* Records provided
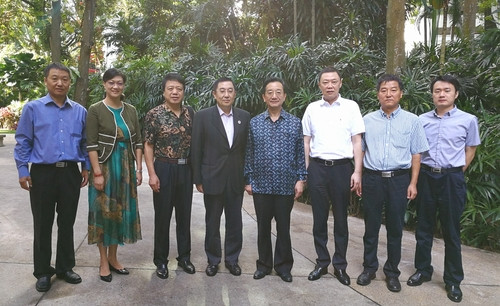 乔卫副主席率团访问马来西亚、斯里兰卡、新加坡，提出海外侨务工作应“一国一策”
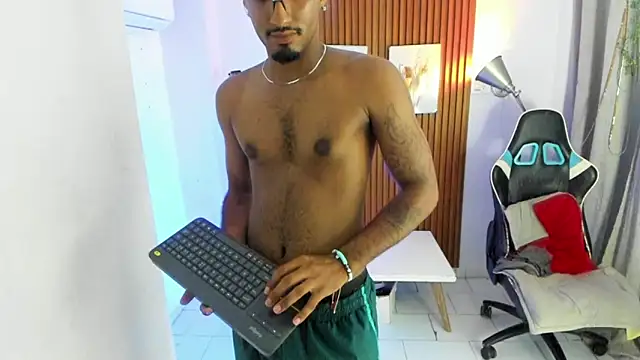 Darwin_mayo Show in webcam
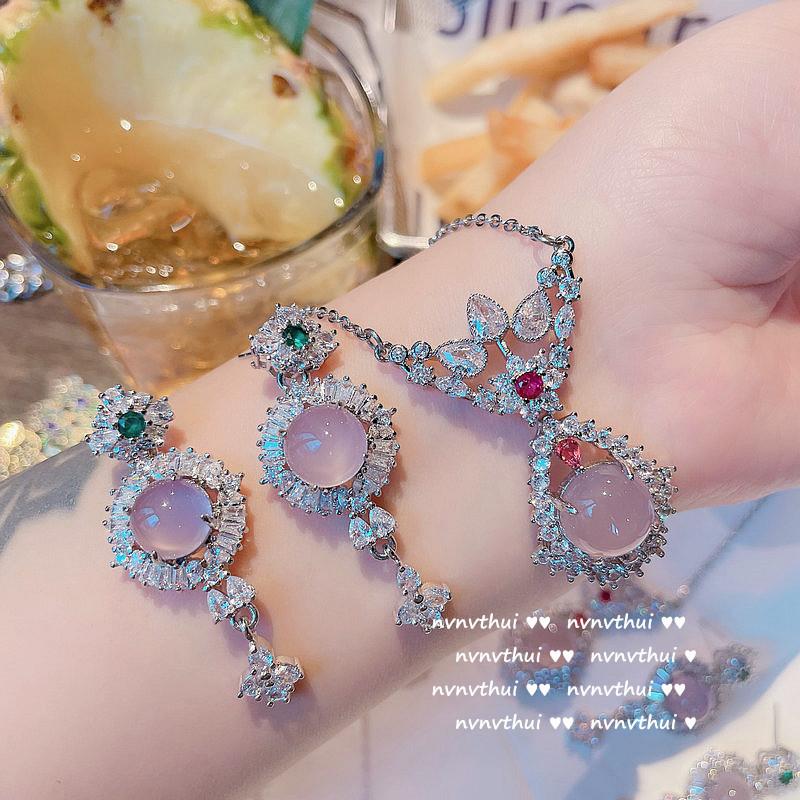 

Pendant Necklaces Pink Court High-grade Necklace Zircon Flower Classic Fashion Jewelry Earrings Set, Silver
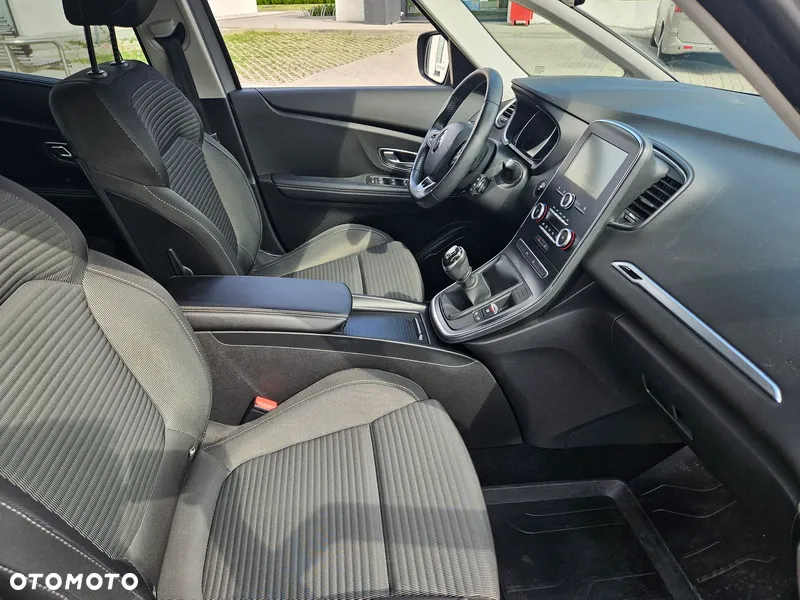 Renault Scenic - 5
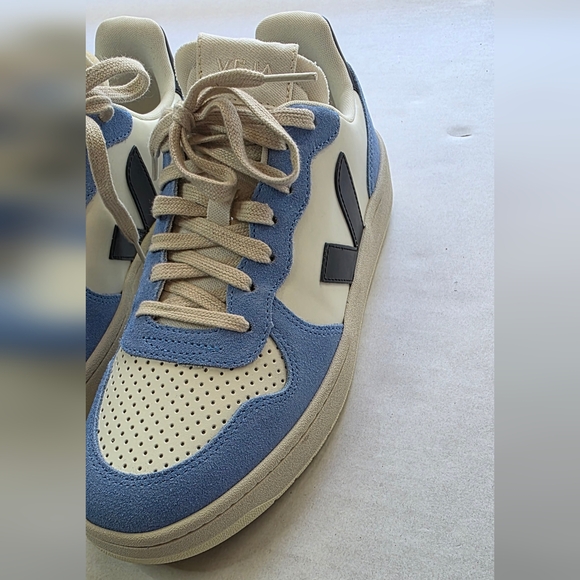 Veja V-10 Sneakers - Picture 5 of 13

* The task
Strip out the pictures and quote the remaining data word for word.

* Exercise result
 乔卫副主席率团访问马来西亚、斯里兰卡、新加坡，提出海外侨务工作应“一国一策”
 Darwin_mayo Show in webcam

Pendant Necklaces Pink Court High-grade Necklace Zircon Flower Classic Fashion Jewelry Earrings Set, Silver
 Renault Scenic - 5
 Veja V-10 Sneakers - Picture 5 of 13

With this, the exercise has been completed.